English Muffins and a Baby Sweater




Last night my cooking buddy asked if I ate tuna, and if so, could I save him the tins. This sounded quite familiar to me. Why? He says he's going to make Alton Brown's english muffins for an upcoming brunch we have slated. Well, I go to dig out my tins from the trash and notice that there is no way in heck he's going to get those new-fangled rounded bottoms off. So I look to see if I have any water chestnuts and pineapple and I do. Then I start thinking, gee, this all sounds familiar. I dig through cupboards and sure enough I find five of these already bottomless.
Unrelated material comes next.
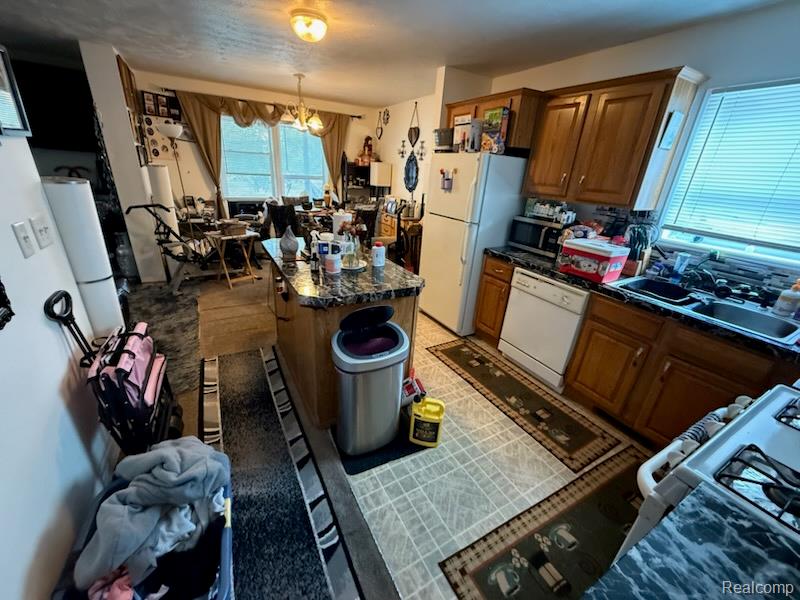 4052 Howe Road Wayne, MI 48184 - Photo 5 of 15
Then I read the recipe and think, hmm, I have it all. So thinking a bit first, I read all the reviews (lots of people knew about the pineapple and water chestnut cans working - one poor soul sat with a hammer, chisel, screwdriver tryin to get the rounded bottoms out of the tuna cans .....) and, not meaning to steal any thunder, I thought I'd try them as I had everything ready and I haven't done them since I became a King Arthur flour fan. Then I set out to, a, make them not too fat, use some cornmeal in the bottom, etc. And yes, indeed, they take a lot longer than his 5-6 mins per side and the cast iron pans I'm using have to have the fire just barely on below them. The first ones turned out just a bit fatter than I'd like. The later ones look pretty darn good. It did make ten muffins. Bob wolfed three of them pretty quickly. Myself, though, I'd prefer more "nooks and crannies." But these will definitely do. I'd say the recipe is a keeper.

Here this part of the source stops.